WORK TO COMPLETE
As an exercise, copy out the entries exactly as written.
--- DATA SUPPLIED Enclosed Below ---
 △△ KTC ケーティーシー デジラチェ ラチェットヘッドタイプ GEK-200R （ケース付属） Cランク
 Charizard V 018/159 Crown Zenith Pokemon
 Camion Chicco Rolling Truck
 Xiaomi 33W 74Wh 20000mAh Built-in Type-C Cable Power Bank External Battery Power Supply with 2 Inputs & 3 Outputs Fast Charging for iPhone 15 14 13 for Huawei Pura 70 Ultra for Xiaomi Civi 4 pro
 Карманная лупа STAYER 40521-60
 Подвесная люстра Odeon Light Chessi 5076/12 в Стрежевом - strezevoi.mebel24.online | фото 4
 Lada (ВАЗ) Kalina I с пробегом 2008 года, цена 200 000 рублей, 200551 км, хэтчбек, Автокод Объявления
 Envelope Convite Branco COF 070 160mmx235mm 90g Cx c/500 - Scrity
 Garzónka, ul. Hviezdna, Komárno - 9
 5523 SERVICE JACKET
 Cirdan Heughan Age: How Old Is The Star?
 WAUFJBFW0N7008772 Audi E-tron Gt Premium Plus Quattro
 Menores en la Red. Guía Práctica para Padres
--- End of Enclosed DATA SUPPLIED ---
REPLY TO THE TASK
 △△ KTC ケーティーシー デジラチェ ラチェットヘッドタイプ GEK-200R （ケース付属） Cランク
 Charizard V 018/159 Crown Zenith Pokemon
 Camion Chicco Rolling Truck
 Xiaomi 33W 74Wh 20000mAh Built-in Type-C Cable Power Bank External Battery Power Supply with 2 Inputs & 3 Outputs Fast Charging for iPhone 15 14 13 for Huawei Pura 70 Ultra for Xiaomi Civi 4 pro
 Карманная лупа STAYER 40521-60
 Подвесная люстра Odeon Light Chessi 5076/12 в Стрежевом - strezevoi.mebel24.online | фото 4
 Lada (ВАЗ) Kalina I с пробегом 2008 года, цена 200 000 рублей, 200551 км, хэтчбек, Автокод Объявления
 Envelope Convite Branco COF 070 160mmx235mm 90g Cx c/500 - Scrity
 Garzónka, ul. Hviezdna, Komárno - 9
 5523 SERVICE JACKET
 Cirdan Heughan Age: How Old Is The Star?
 WAUFJBFW0N7008772 Audi E-tron Gt Premium Plus Quattro
 Menores en la Red. Guía Práctica para Padres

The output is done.